Our Digital Collections program aspires to build “distinctive digital collections that provide access to Duke’s unique library and archival materials for teaching, learning, and research at Duke and worldwide.” Those are our primary stated objectives, though the reach and the value of putting collections online extends far beyond. For instance, these uses might not qualify as scholarly, but we celebrate them all the same:
- Heartwarming stories of people experiencing their lost loved ones after discovering a recorded oral history or a decades-old film.
- Engineers using a hundred-year old photograph to help create a 3-D augmented-reality digital reconstruction of a historical site in China
- Artists assembling collages of images, sometimes mashing up images from our music and photograph collections
- People organizing, annotating, and sharing their image discoveries on Pinterest.
Regardless of how much value we assign to different kinds of uses, determining the impact of our work is a hard problem to solve. There are no simple instruments to measure our outcomes, and the measurements we do take can at times feel uncertain, as if taken of a moving object with a wildly elastic ruler. Some helpful resources are out there, of both theoretical and practical varieties, but focusing on what matters most remains a challenge.
Back to our mission: how much are our collections actually used for the scholarly purposes we trumpet–teaching, learning, and research–versus other more casual uses? How do we distinguish these uses within the data we collect? Getting clearer answers could help us in several areas. First, what should we even digitize? What compelling stories of user engagement could be told to illustrate the value of the collections? How might we drum up more interest in the collections within scholarly communities?
Some of my Duke colleagues and I began exploring these questions this year in depth. We’ll have much more to report later, but already our work has uncovered some bits of interest to share. And, of course, we’ve unearthed more questions than answers.
Like many places, we use a service called Google Analytics to track how much our collections are accessed. We use analytics to understand what kinds of things that we digitize resonate with users online, and to to help us make informed improvements to the website. Google doesn’t track any personally identifiable data (thankfully); data is aggregated to a degree where privacy is protected yet site owners can still see generally where their traffic comes from.

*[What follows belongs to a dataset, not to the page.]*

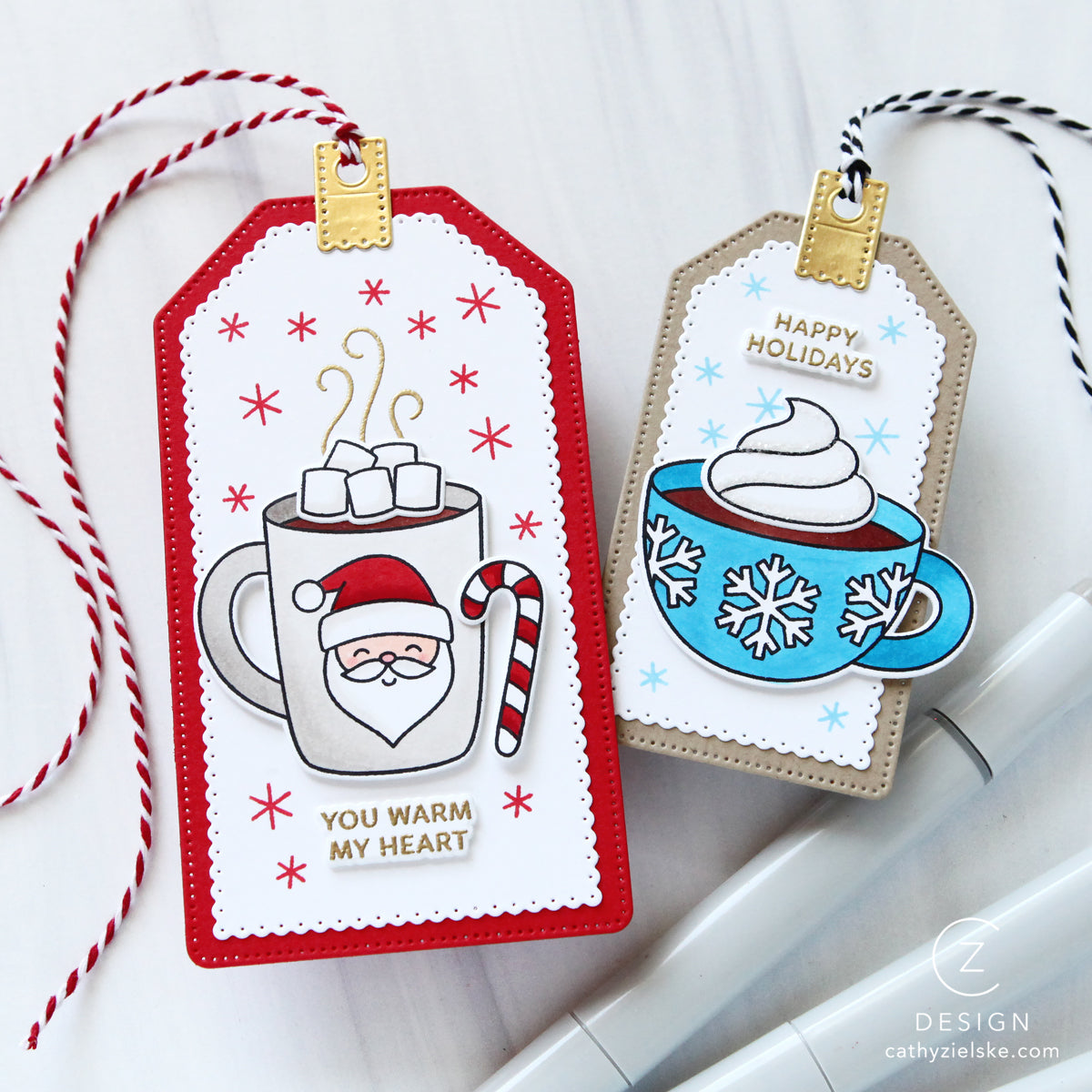 Pretty Pink Posh Warm Heart STAMPtember Exclusive Cathy Zielske CZ Designs tags with two cups of cocoa and the sentiments happy holidays and you warm my heart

For example, we know that on average1, our site visitors view just over 5 pages/visit, and stay for about 3.5 minutes. 60.3% of visitors bounce (that is, leave after seeing only one page). Mobile devices account for 20.1% of traffic. Over 26% of visits come from outside the U.S. The most common way a visit originates is via search engine (37.5%), and social media traffic—especially from Facebook—is quite significant (15.7% of visits). The data is vast; the opportunities for slicing and dicing it seem infinite. And we’ll forever grapple with how best to track, interpret, report, and respond to the things that are most meaningful to us.

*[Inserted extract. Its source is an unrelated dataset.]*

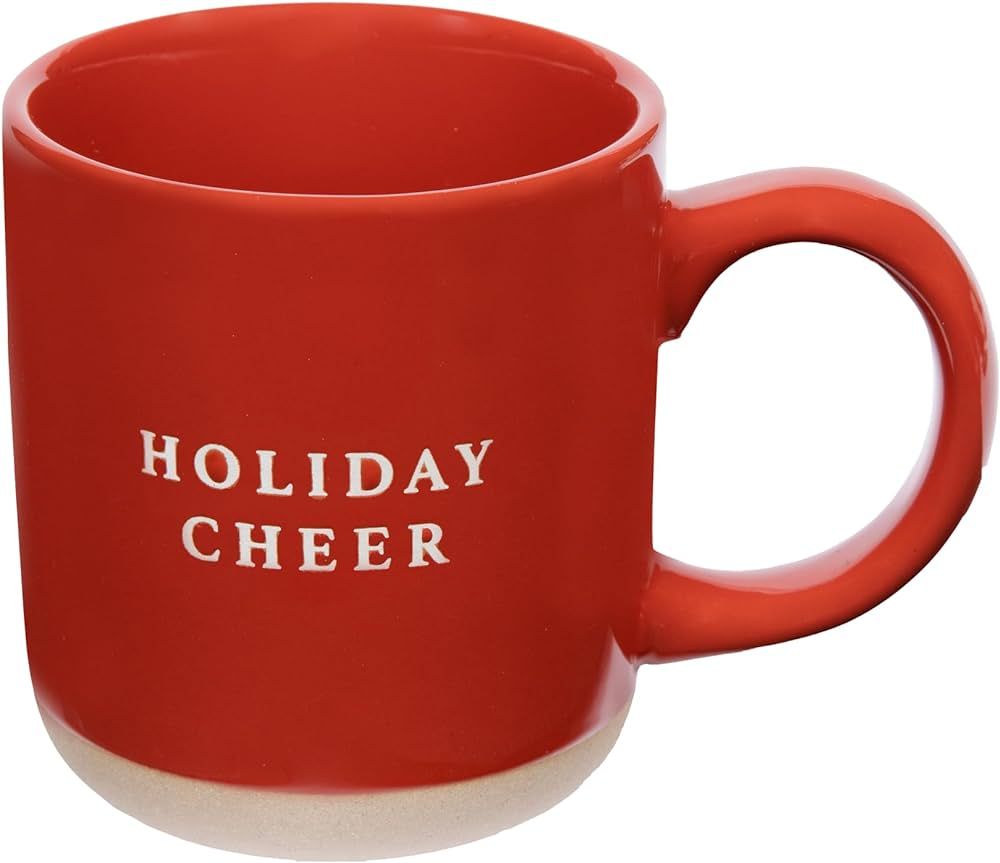 Sweet Water Decor Holiday Cheer Mug Holiday Mug | Red Stoneware Winter Mug Microwave & Dishwasher... | Amazon (US)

There are two bits of Analytics data that can provide us with clues about our collections’ use in scholarly environments:
- Traffic on scholarly networks (a filtered view of ISPs)
- Referrals from scholarly pages (a filtered view of Referrer paths)

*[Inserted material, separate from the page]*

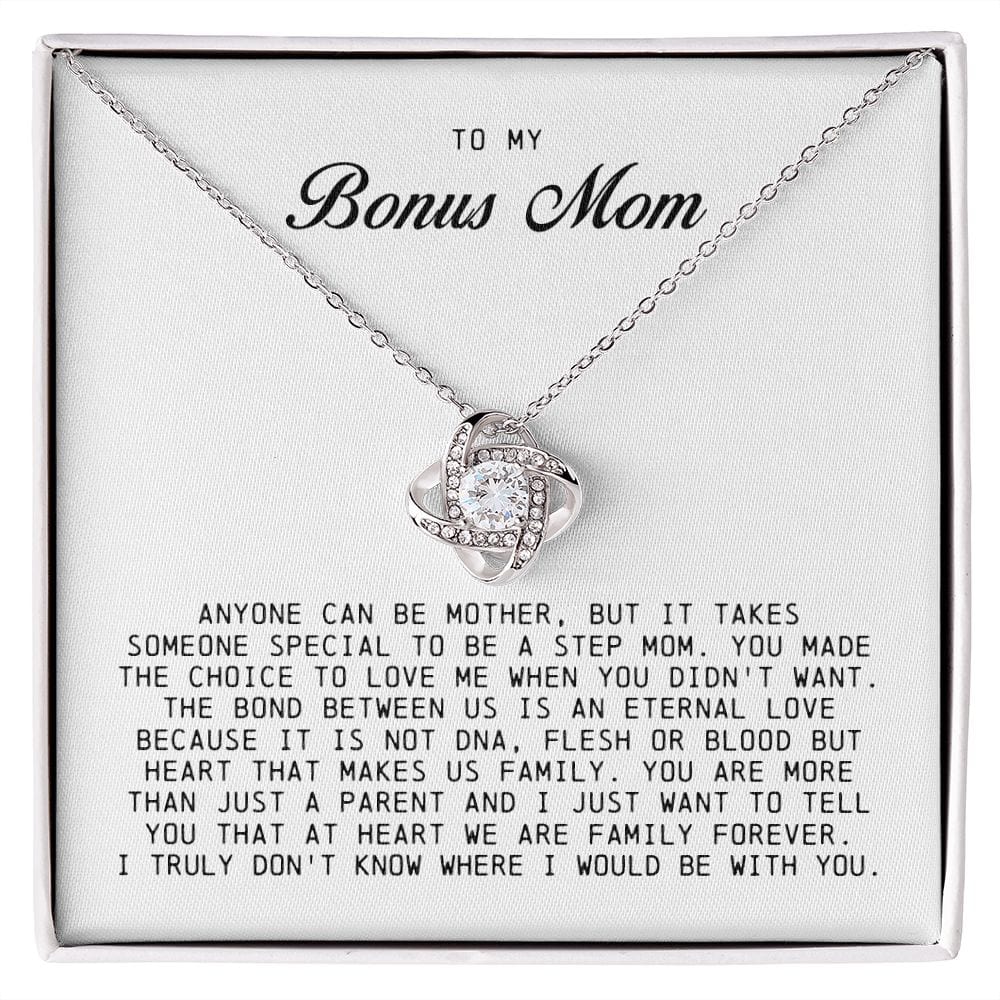 To My Bonus Mom, Love Knot Necklace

Tracking these figures (however imperfect) could help us get a better sense for the trends in the tenor of our audience, and help us set goals for any outreach efforts we undertake.
Traffic on Scholarly Networks
One key clue for scholarly use is the name of visitors’ Internet Service Provider (ISP). For example, a visit from somewhere on Duke’s campus has an ISP “duke university,” a NYC public school “new york city public schools,” and McGill University (in Canada) “mcgill university.” Of course, plenty of scholarly work gets done off-campus (where an ISP is likely Time Warner, Verizon, AT&T, etc.), and not all network traffic that happens on a campus is actually for scholarly purposes. So there are the usual caveats about signal and noise within the data.
Alas, we know that over the past calendar year1, we had:
- 11.7% of our visits (“sessions”) from visitors on a scholarly network (as defined in our filters by: ISP name has universit*, college*, or school* in it)2.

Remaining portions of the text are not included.